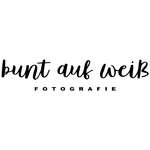 • bunt auf weiß • Fotografie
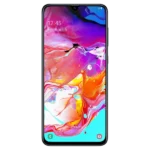 samsung-galaxy-a70-front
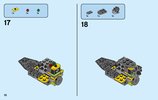 Instrucciones de Construcción - LEGO - 31092 - Helicopter Adventure: Page 10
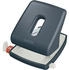 Leitz Cosy (5004-00)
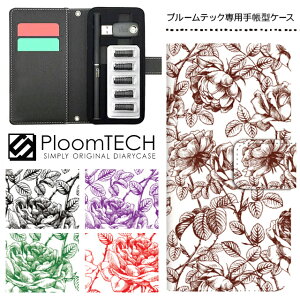 v[ebN P[X v[ebNJo[ v[ebNP[X 蒠^ Ploomtech J[gbW [ dq dq΂ JT dq^oR Y fB[X  v[g / ԕ 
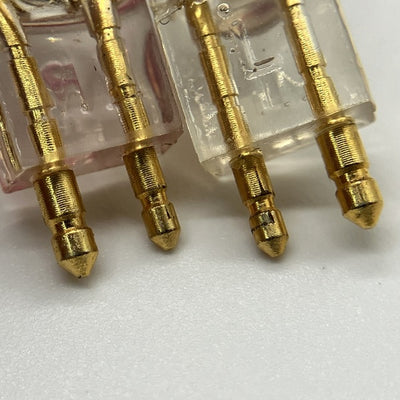 【中古】Aureole    3.5mm 3極 FitEar type【秋葉原】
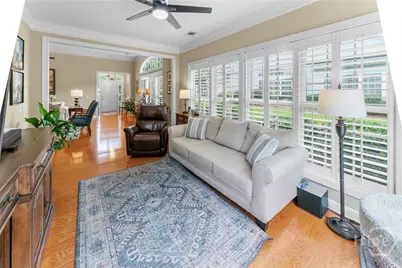 16 Weatherby Circle, Savannah, GA 31405 - Photo 13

# # # #

• _WHAT YOU NEED TO DO_
An exact restatement is expected of the lines from the line containing "3極 FitEar type【秋葉原】" to the end of the data above, pictures excluded.

• _YOUR SOLUTION_
 【中古】Aureole    3.5mm 3極 FitEar type【秋葉原】
 16 Weatherby Circle, Savannah, GA 31405 - Photo 13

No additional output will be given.